TASK REQUIREMENTS: The material below is to be copied exactly from the line with "Completo Copripiumino Matrimoniale" up to and including the line with "long ẩn giả chapter 217 4", with nothing else kept and no pictures.

[RECORD SET — start]

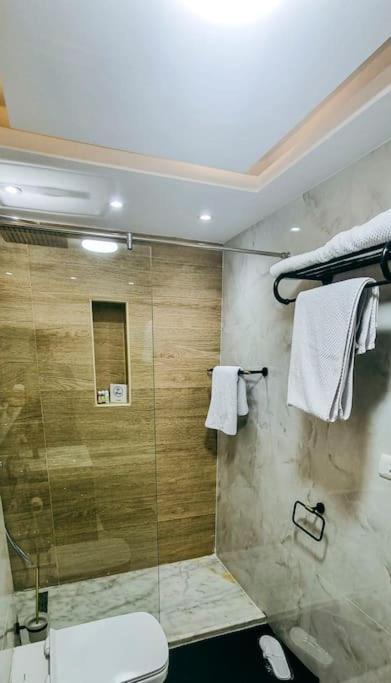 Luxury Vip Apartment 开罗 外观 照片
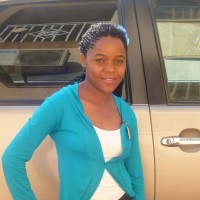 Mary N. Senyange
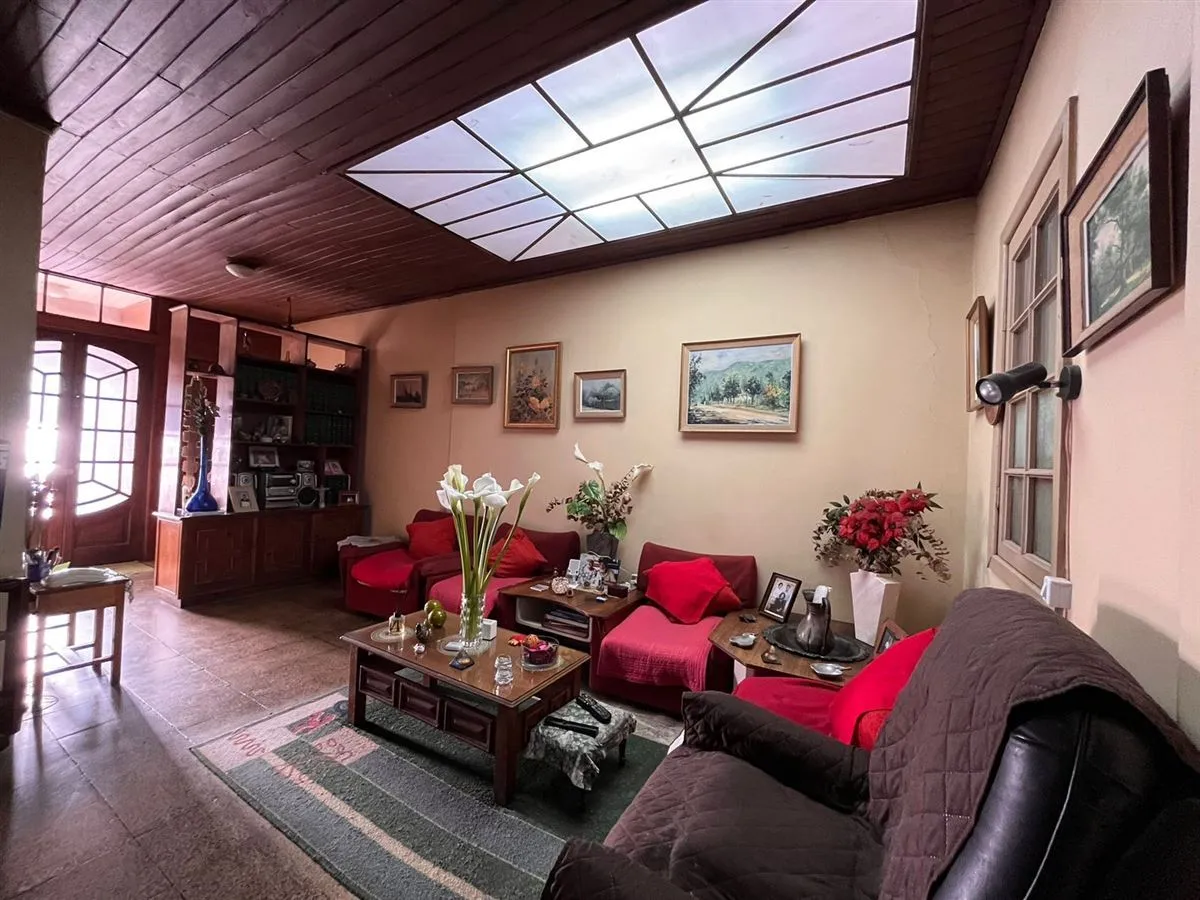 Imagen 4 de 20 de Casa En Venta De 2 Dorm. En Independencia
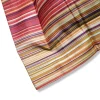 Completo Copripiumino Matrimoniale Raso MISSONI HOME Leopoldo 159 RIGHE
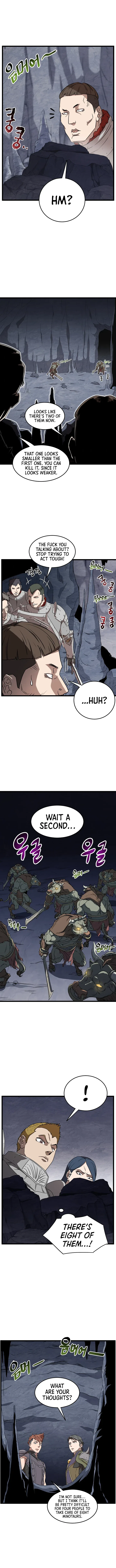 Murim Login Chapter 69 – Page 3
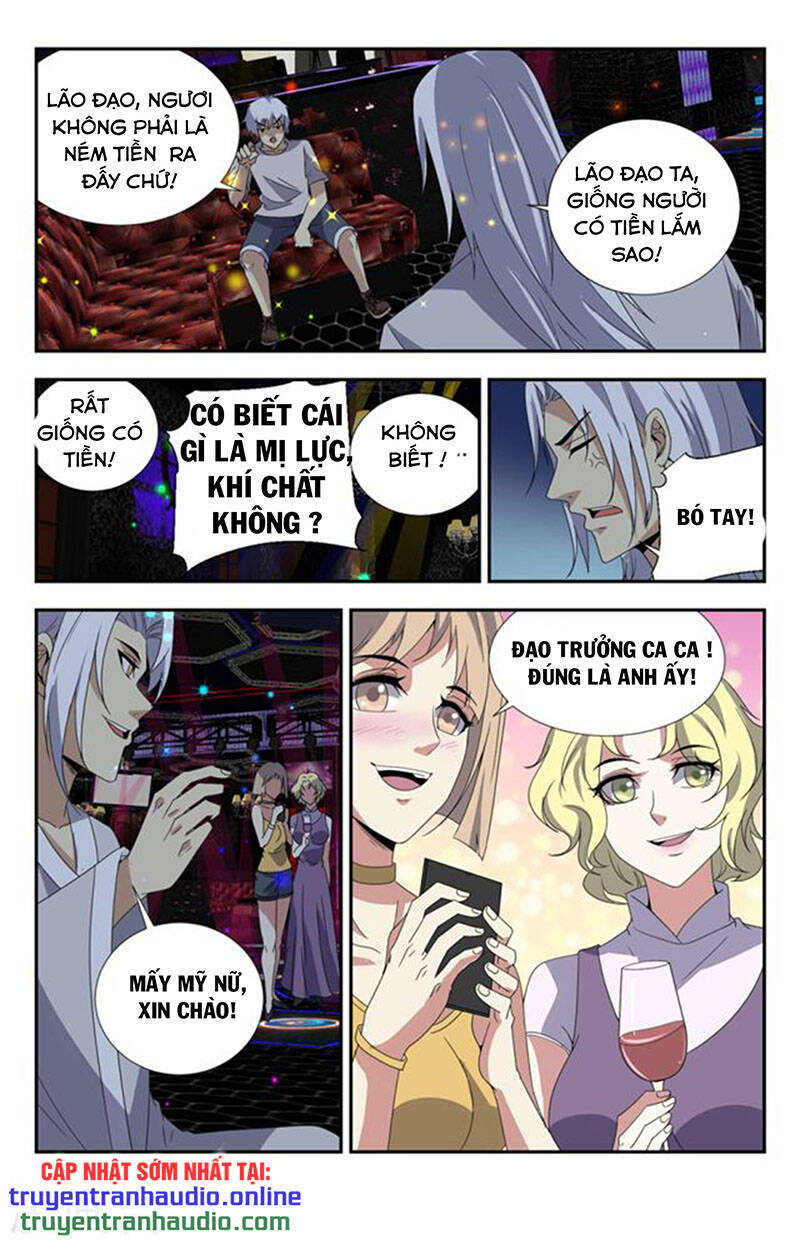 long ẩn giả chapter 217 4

[RECORD SET — finish]
[RECORD SET — start]

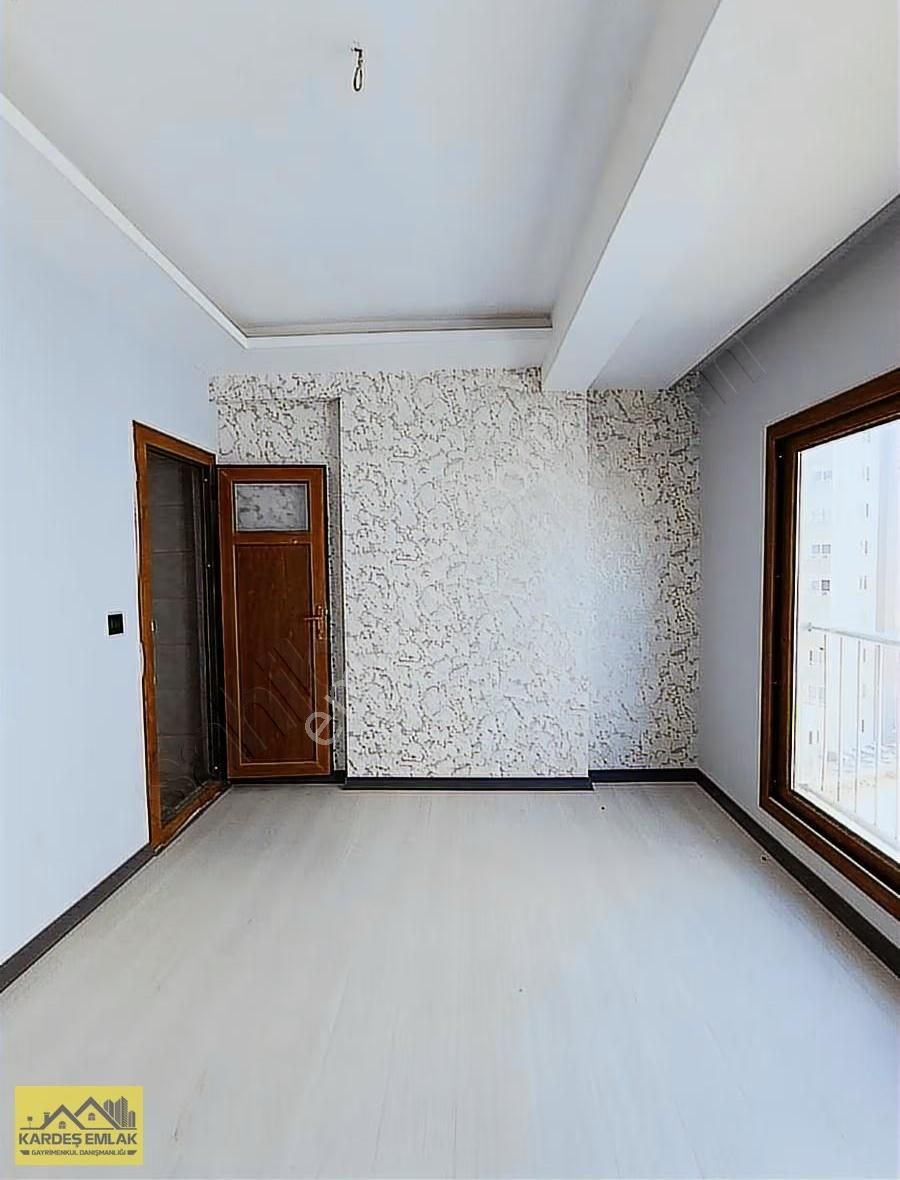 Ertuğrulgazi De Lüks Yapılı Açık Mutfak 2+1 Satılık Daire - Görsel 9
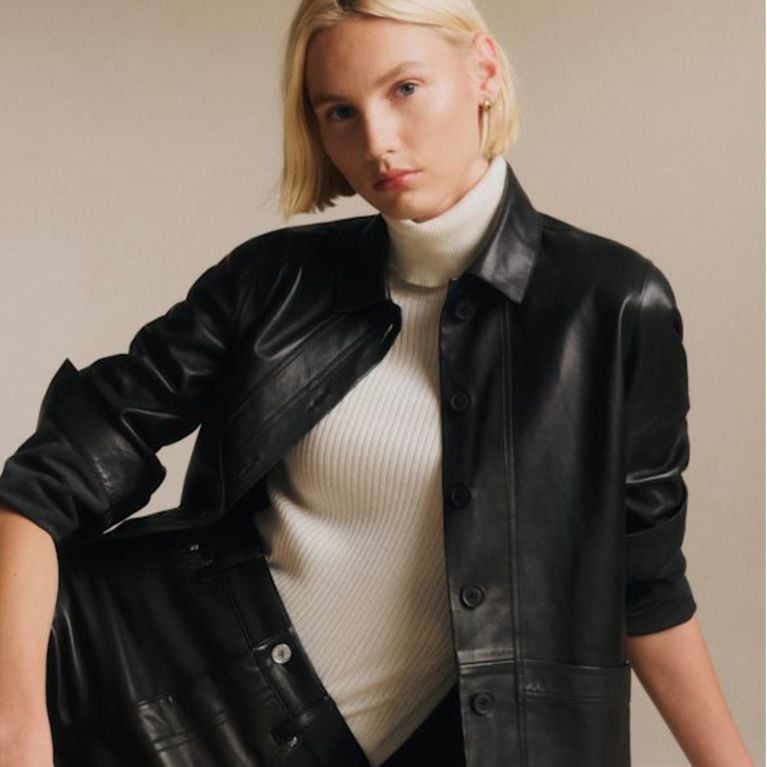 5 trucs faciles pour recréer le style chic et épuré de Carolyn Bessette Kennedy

[RECORD SET — finish]
[RECORD SET — start]

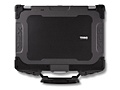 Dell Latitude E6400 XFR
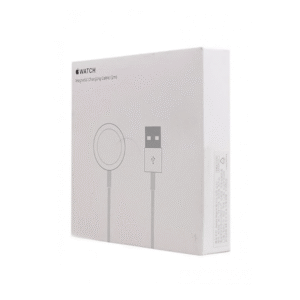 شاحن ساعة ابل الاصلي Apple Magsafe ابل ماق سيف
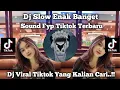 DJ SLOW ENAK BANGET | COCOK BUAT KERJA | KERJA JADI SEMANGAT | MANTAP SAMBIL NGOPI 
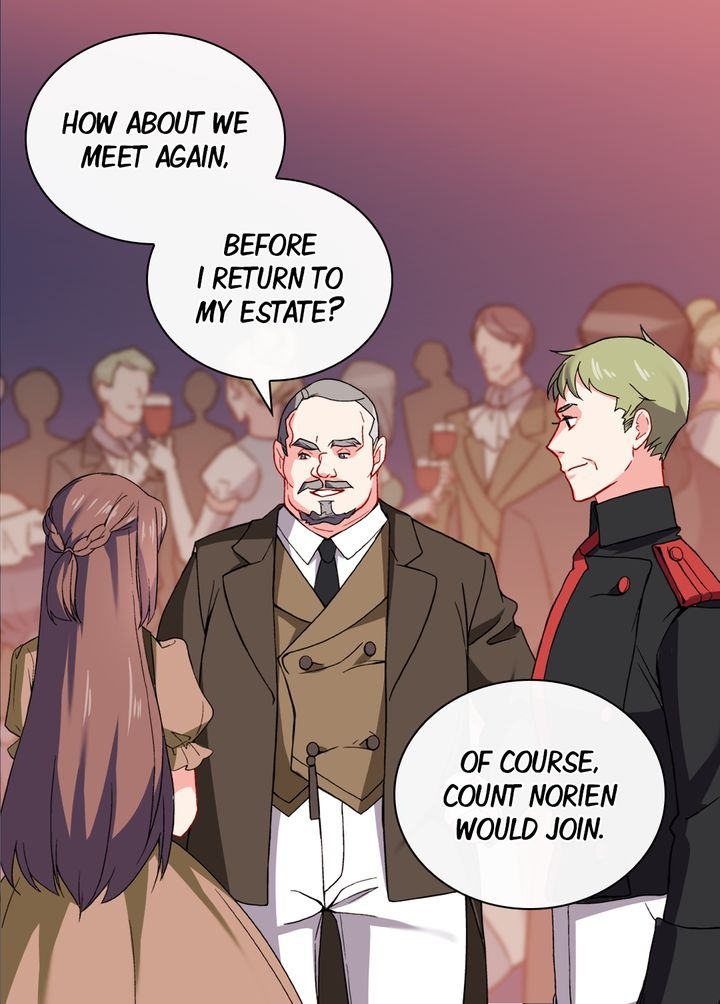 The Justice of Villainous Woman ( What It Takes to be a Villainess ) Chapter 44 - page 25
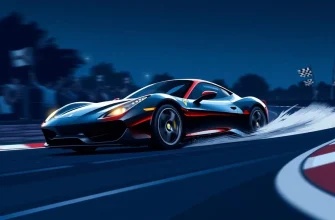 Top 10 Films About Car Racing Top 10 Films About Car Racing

[RECORD SET — finish]

WRITTEN ANSWER:
 Completo Copripiumino Matrimoniale Raso MISSONI HOME Leopoldo 159 RIGHE
 Murim Login Chapter 69 – Page 3
 long ẩn giả chapter 217 4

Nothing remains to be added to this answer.